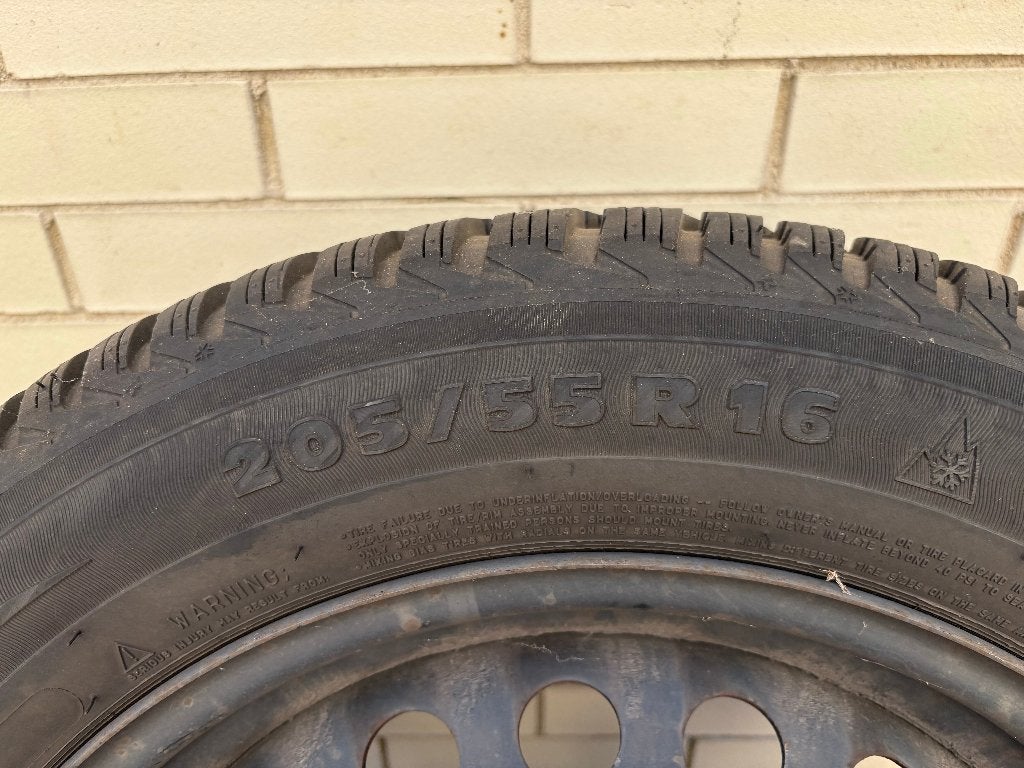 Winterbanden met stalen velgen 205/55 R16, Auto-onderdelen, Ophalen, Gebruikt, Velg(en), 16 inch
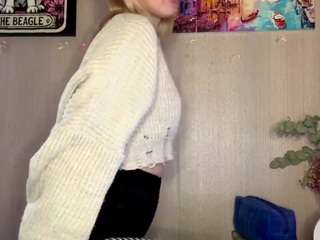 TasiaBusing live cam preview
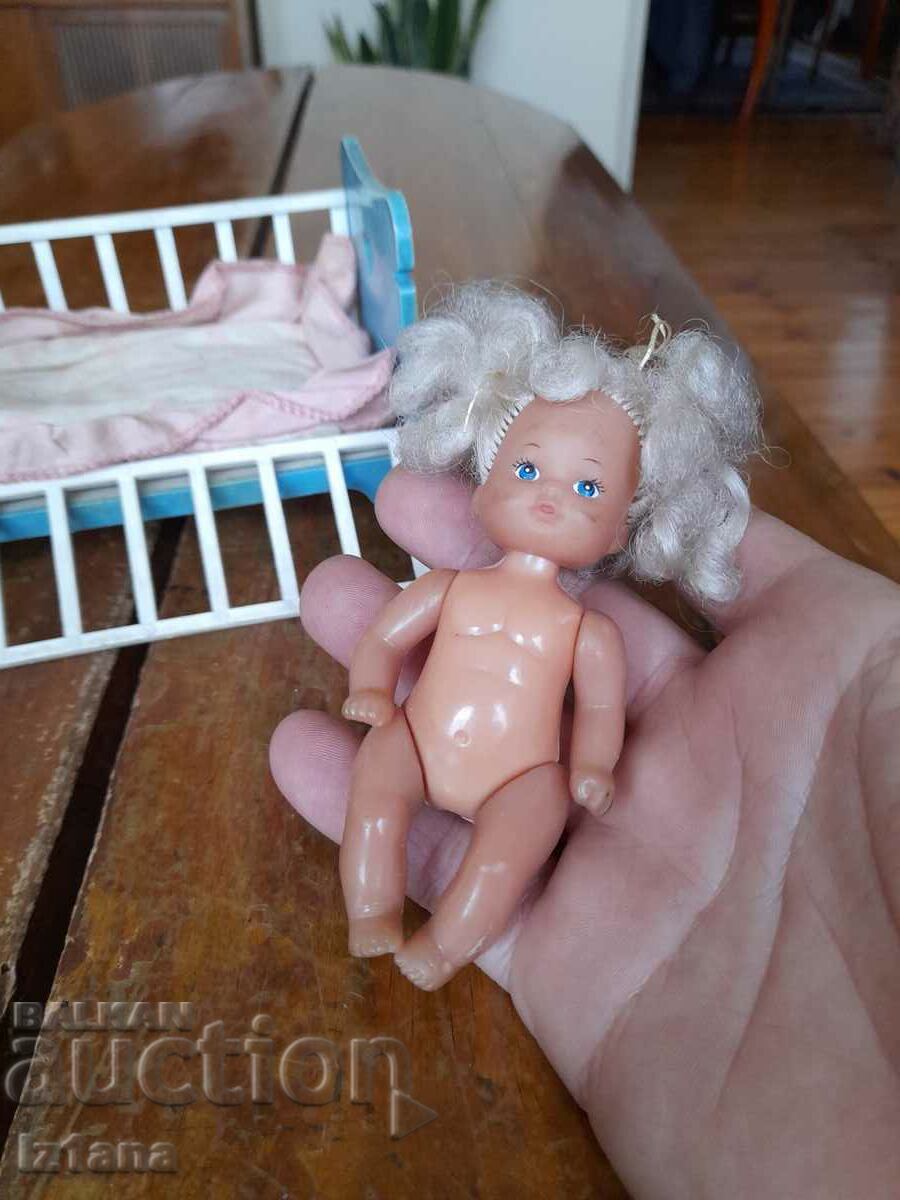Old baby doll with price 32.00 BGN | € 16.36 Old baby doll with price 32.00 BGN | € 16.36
--
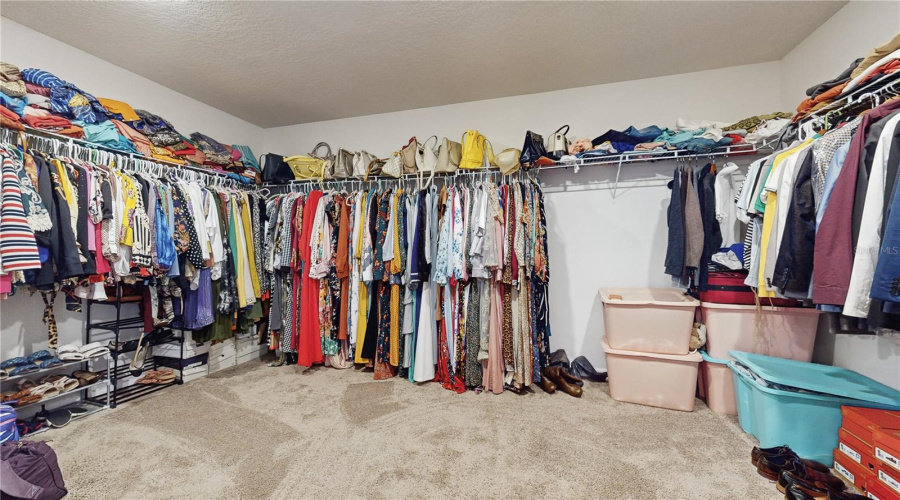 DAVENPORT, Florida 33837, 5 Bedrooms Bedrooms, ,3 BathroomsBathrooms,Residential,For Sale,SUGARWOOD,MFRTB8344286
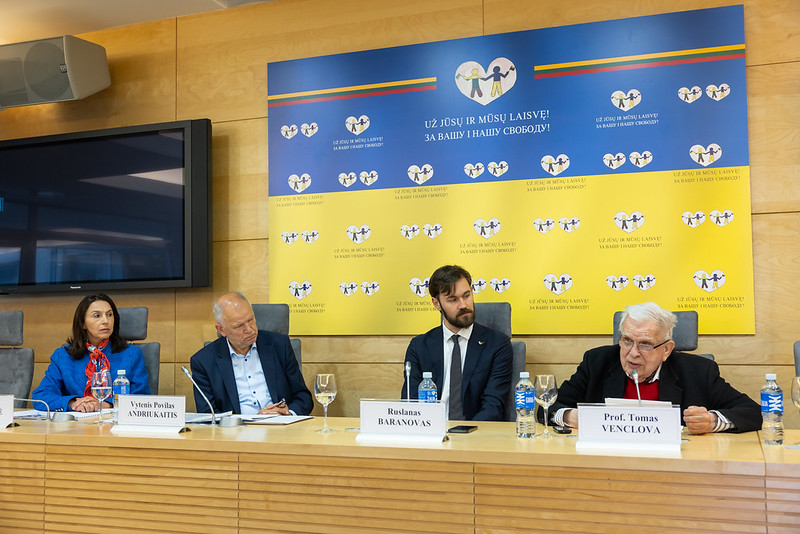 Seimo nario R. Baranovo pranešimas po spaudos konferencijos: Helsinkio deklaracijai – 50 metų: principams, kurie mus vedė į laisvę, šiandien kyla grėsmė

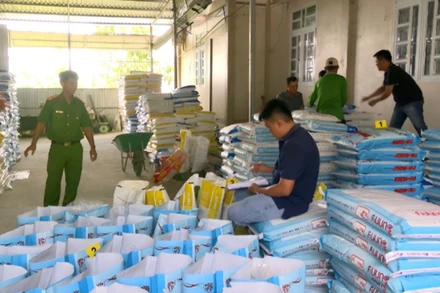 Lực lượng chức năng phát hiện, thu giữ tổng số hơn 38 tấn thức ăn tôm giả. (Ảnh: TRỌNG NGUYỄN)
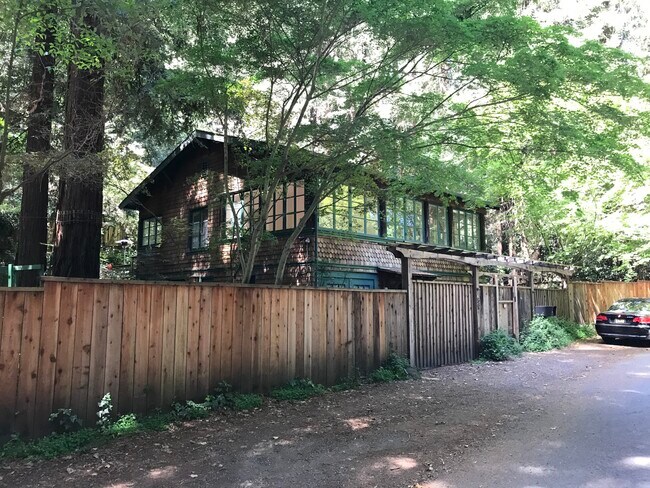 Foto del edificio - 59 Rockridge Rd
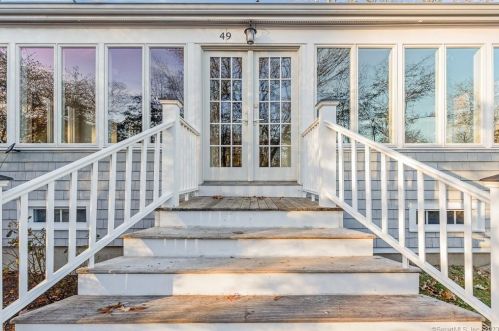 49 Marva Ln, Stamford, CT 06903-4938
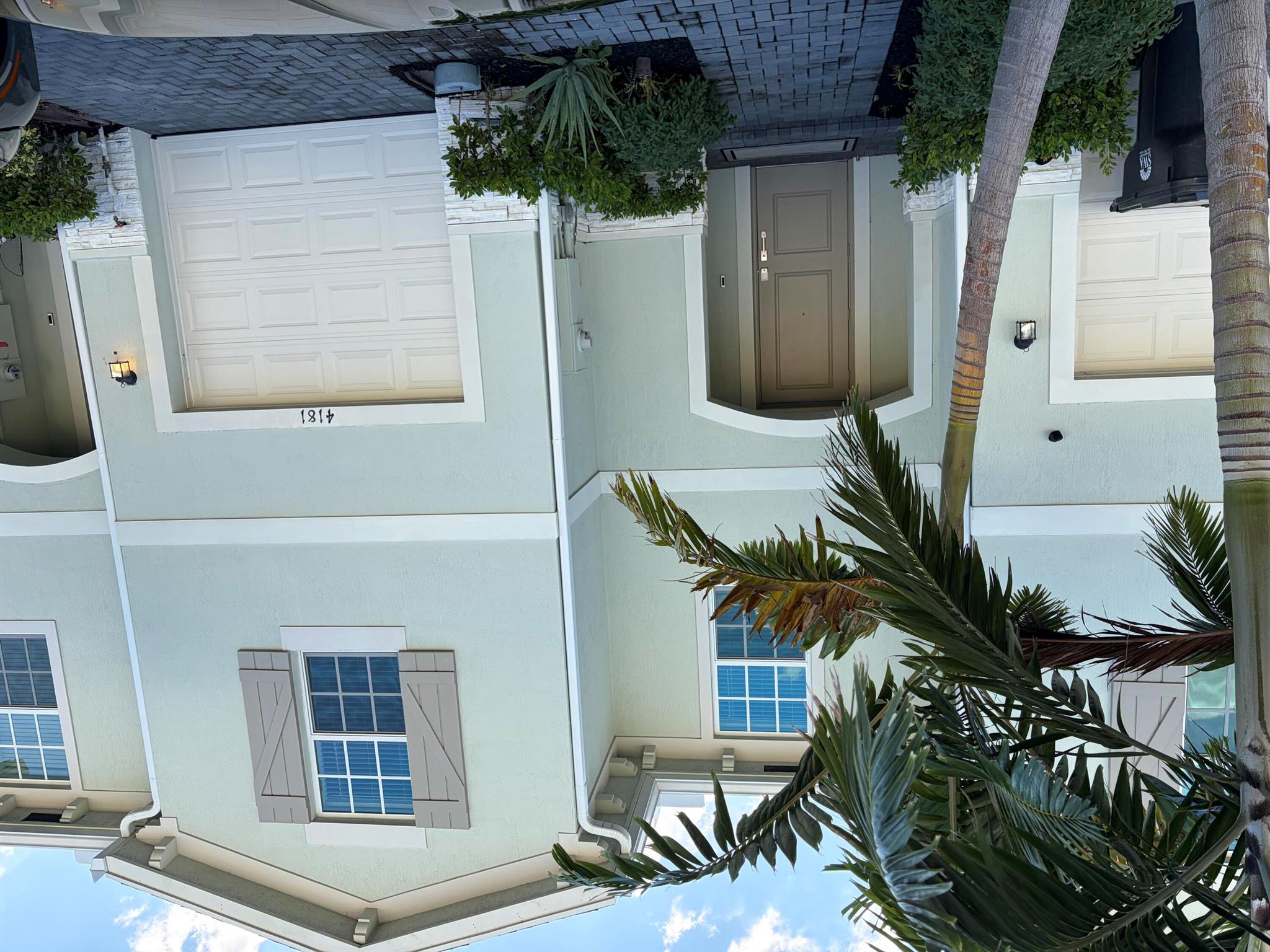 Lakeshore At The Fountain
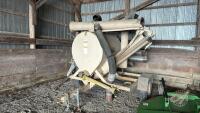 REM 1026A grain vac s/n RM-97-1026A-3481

Brief :: Would you copy the lines above exactly, starting with the one that has "Lực lượng chức" and ending with the one that has "REM 1026A grain vac s/n RM-97-1026A-3481", both included, without the pictures?

Solution to this exercise ::
 Lực lượng chức năng phát hiện, thu giữ tổng số hơn 38 tấn thức ăn tôm giả. (Ảnh: TRỌNG NGUYỄN)
 Foto del edificio - 59 Rockridge Rd
 49 Marva Ln, Stamford, CT 06903-4938
 Lakeshore At The Fountain
 REM 1026A grain vac s/n RM-97-1026A-3481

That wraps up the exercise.